5S Overview
What is it? What does it mean? Where did it come from?
Andy Pritchard | December 12, 2022 | 5 min read

In order to be profitable and compete in a global market every company has to effectively steward its resources. It’s been said that waste is a thief.
In manufacturing, where waste can take several different forms including wasted time, energy, movement, or materials, this is especially true.
Following World War II, innovative Japanese companies like Toyota revolutionized manufacturing by finding innovative ways to reduce waste in small achievable increments.
This process is now at the heart of what we know globally as Lean Manufacturing and Continuous Improvement.
5S is a toolkit, process, or methodology that helps address the wasted time, energy, and materials that can result from the inefficiency of dirty, cluttered, and disorganized workplaces.
If Lean is a strategy to improve efficiency, then 5S is a tactic, or set of proscribed steps that will help your plant be more efficient and reduce waste.
What is 5S?
Picture this:
a worker producing widgets stands in his work area full of clutter, dirt, and debris. Tools are scattered randomly across various surfaces, which are piled high with half-used pieces of material.
In the corner unused components are stacked chest-height and wobbling slightly as they wait to be used. Large unmarked bins contain a hodge-podge of tools and materials that may, or may not, be needed this month.
The machines and equipment are rusty and rattle when used, smoking slightly as they overheat. Slippery grease and hazardous chemicals stain the ground where they were spilled months ago.

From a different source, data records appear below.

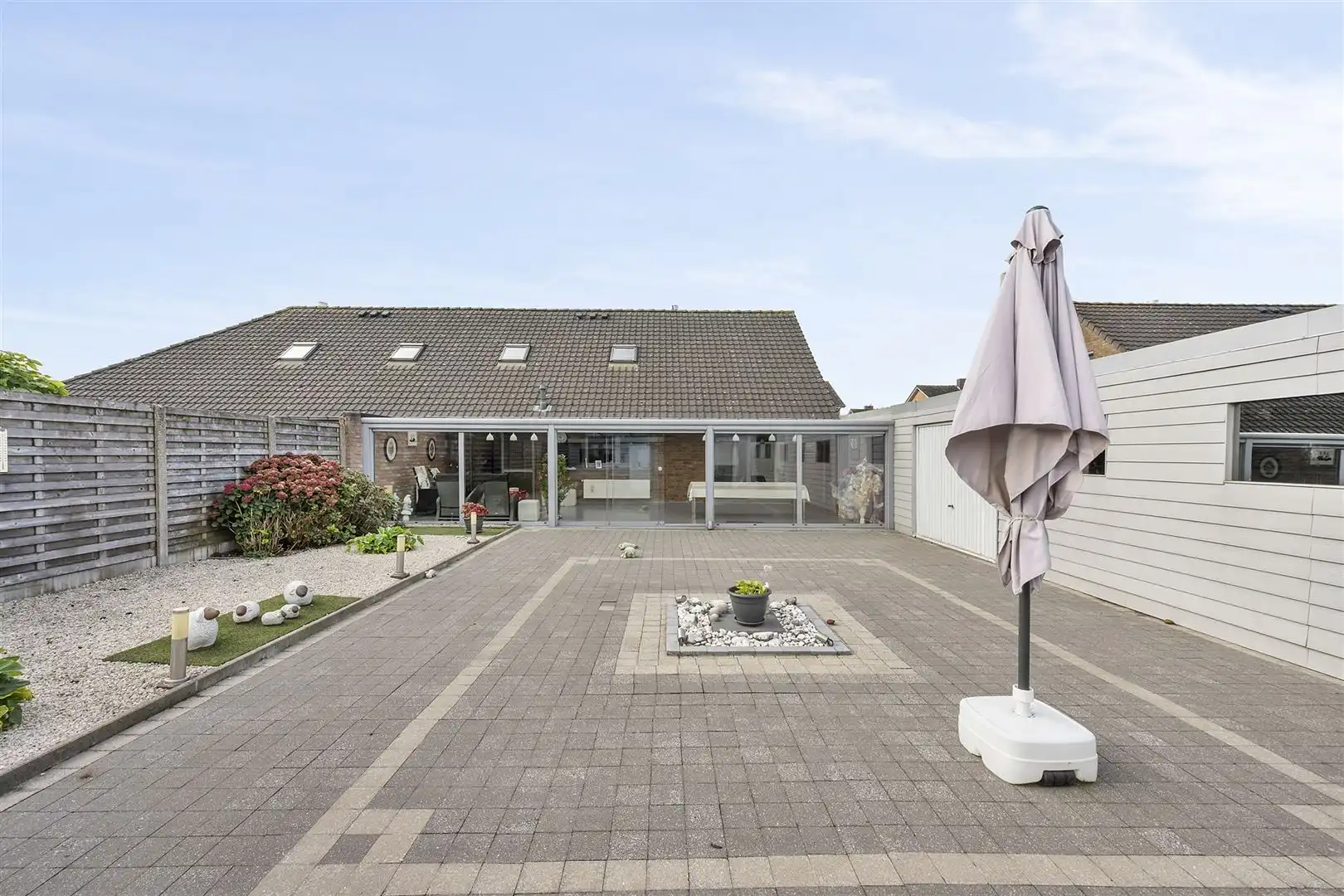 Halfopen bebouwing met 3 slpk's foto 25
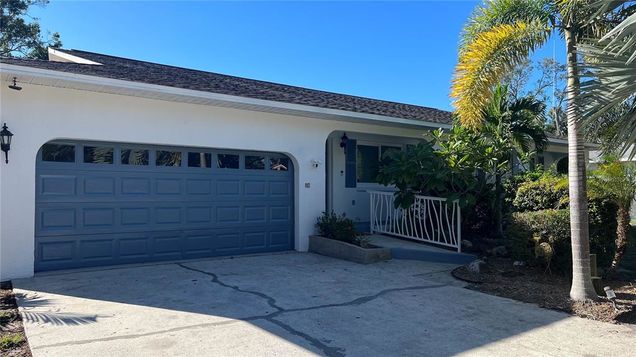 912 72nd Street NW BRADENTON, FL House Active - Photo 1 of 25. Opens carousel modal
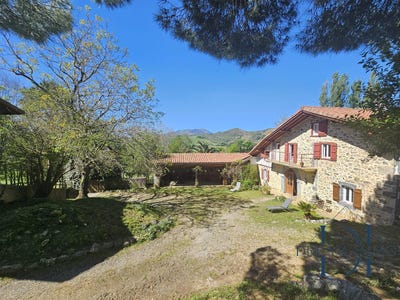 /international/fr/hasparren-aquitaine-310101335904/?lang=en
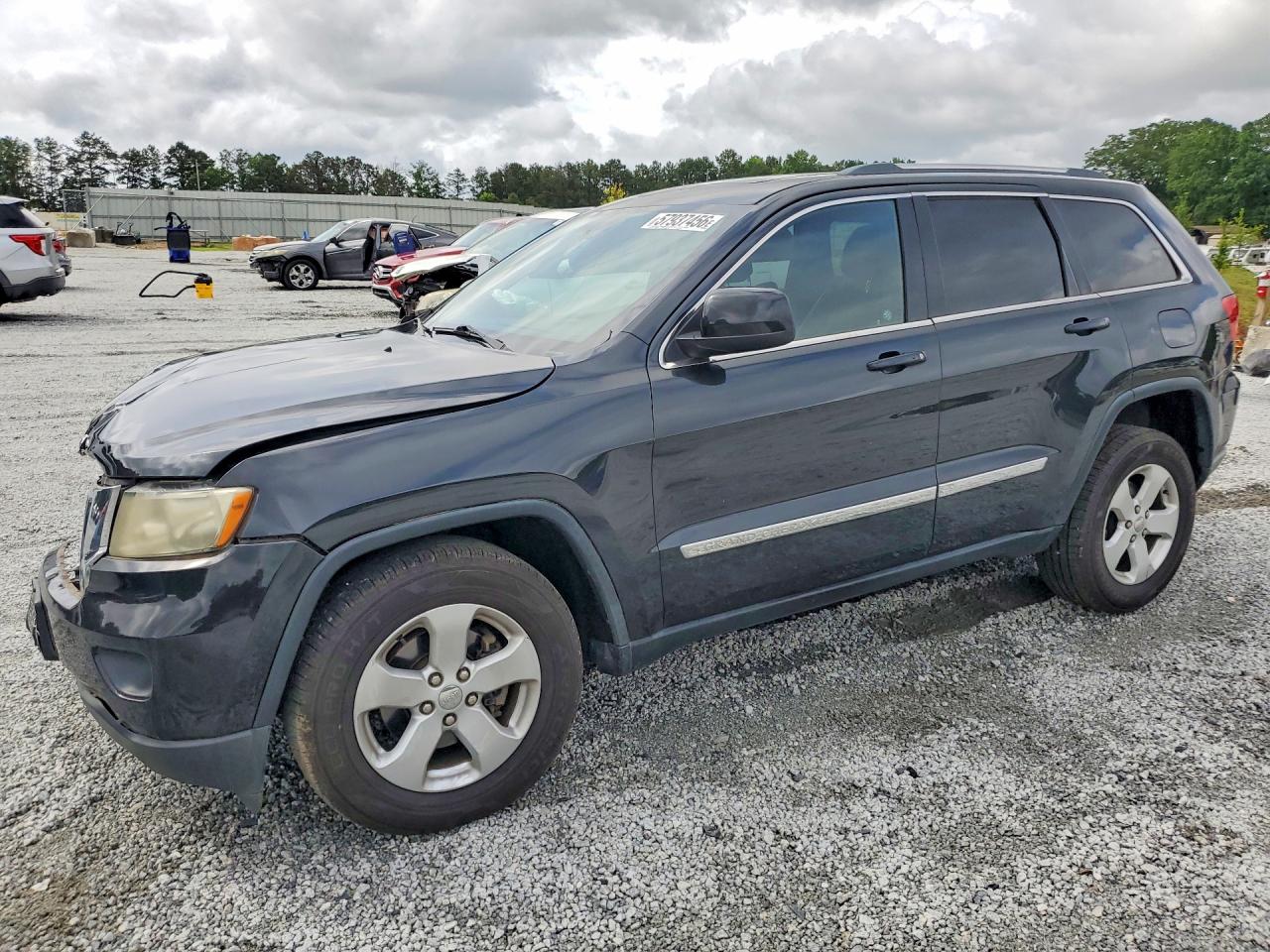 2013 Jeep Grand Cherokee Laredo, VIN 1C4RJFAG1DC501809 — Front end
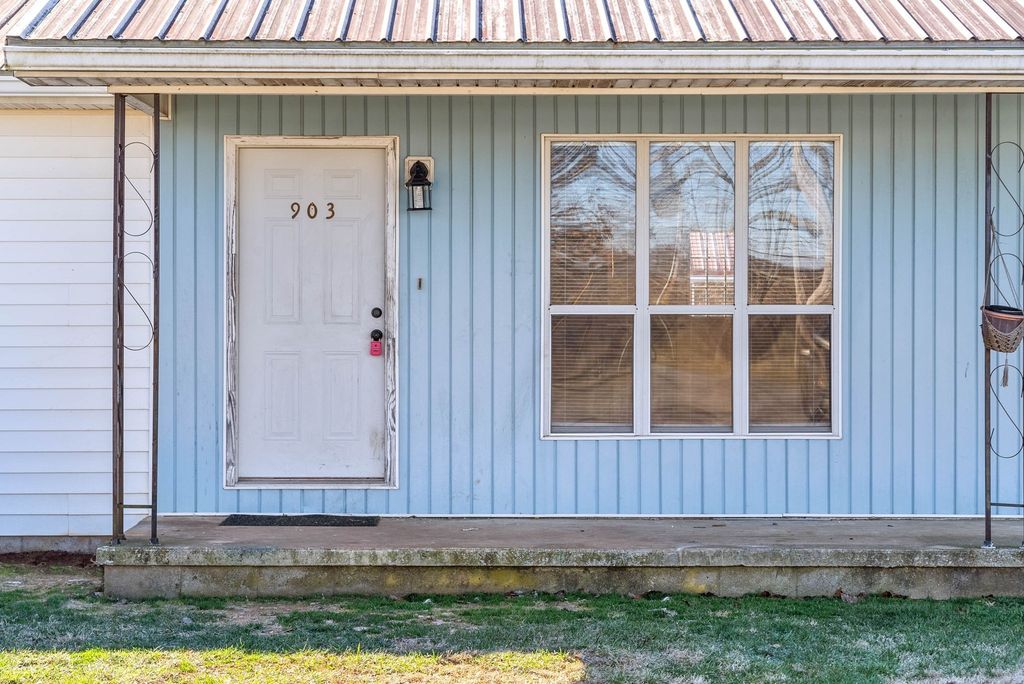 306 Thompsonville Ln unit 903, Oak Grove, KY 42262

Would you imagine this is an efficient work environment? Most would say no.
The worker wastes time looking for tools, rummaging through those unmarked storage bins for the item they need. Safety hazards abound, whether from the pile of components waiting to topple or the slip hazard from the greasy chemicals on the floor. The machines, in their poorly maintained condition, are mere hours away from breaking down, causing unplanned downtime for the factory.
The 5S System is a lean manufacturing tool designed to improve efficiency and productivity in your plant by making it more organized and efficient.
It removes clutter, cuts down on time your staff look for tools and materials while working, and ensures workplaces are consciously free of hazards. The focus on Lean manufacturing is to increase the productivity and profitability of a plant by making small incremental improvements that add up to large benefits to a company's bottom-line over time.
For example, a 5% improvement in production output would not have a drastic impact on a company's bottom-line. However combined with simultaneous 5% reductions in energy usage, raw materials used, employee injuries, etc etc these small changes would be very impactful over the course of a few quarters or years.
5S is a specific set of actions that a company can use to start to realize these Lean Manufacturing gains.
It's often the first step companies take in moving towards a Lean or continuous improvement focused culture because 5S is simple to organize, execute, and impactful. As a process, 5S is designed so that each step builds on the successes of the previous ones, and the last two steps of 5S ensure the benefits of 5S are maintained over the long term.
The 5S Terms
The term 5S comes from the five steps of the process, which are named with words that begin with the letter S in the original Japanese. In English you could also call them sort, set in order, shine, standardize, and sustain
Sort / Tidiness
整理 Seiri - Remove unnecessary or useless items from the work area.
Set in Order/ Orderliness
整頓 - Seiton - Arrange necessary tools and materials for quick storage and retrieval.
Shine / Cleanliness
清掃 - Seiso - Ensure the tools in your workspace are clean & well maintained.
Standardize
清潔 - Seiketsu - Document your new best practices by writing them down.
Sustain / Discipline
躾 - Shitsuke - Make 5S ongoing and commit to regular improvement.

A Brief History
Post World War 2 Japan had an enormous impact on Lean Manufacturing theory, forging new ground on how to make plants more efficient and safe. The Toyota Motor Company and analysts like Hiroyuki Hirano helped Japanese production outpace their American counterparts who soon took note and began to implement similar measures in their own plants domestically. Prior to Japanese innovation much of the progress in North America had come from the Ford Motor Company’s moving assembly line which had reduced the time needed to assemble an automobile from 12 hours to 90 minutes.